╭─ Collected material

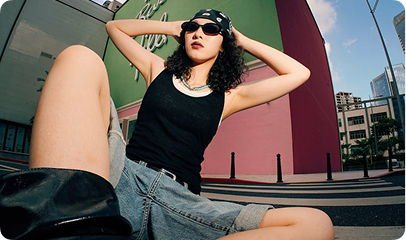 Person in sunglasses and bandana posing low-angle in urban setting with colorful walls and buildings.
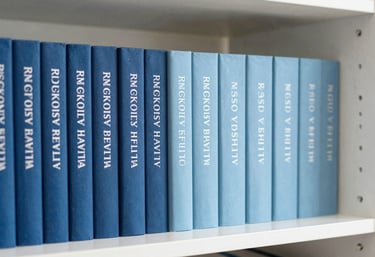 A shelf in a Western European / French office containing professional books on psychology, organized neatly with ocean blue and soft dusty blue bindings, bright and clean.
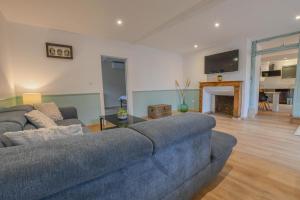 a living room with a couch and a fireplace at Chez nenette in Prugny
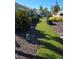 Lush landscaping and a charming alligator statue adorn the exterior of this inviting residence at 618 Jungle Queen Way, Longboat Key, FL 34228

╰─

- Exercise brief
Word for word and without any pictures, return all of the lines above.

- Your solution
 Person in sunglasses and bandana posing low-angle in urban setting with colorful walls and buildings.
 A shelf in a Western European / French office containing professional books on psychology, organized neatly with ocean blue and soft dusty blue bindings, bright and clean.
 a living room with a couch and a fireplace at Chez nenette in Prugny
 Lush landscaping and a charming alligator statue adorn the exterior of this inviting residence at 618 Jungle Queen Way, Longboat Key, FL 34228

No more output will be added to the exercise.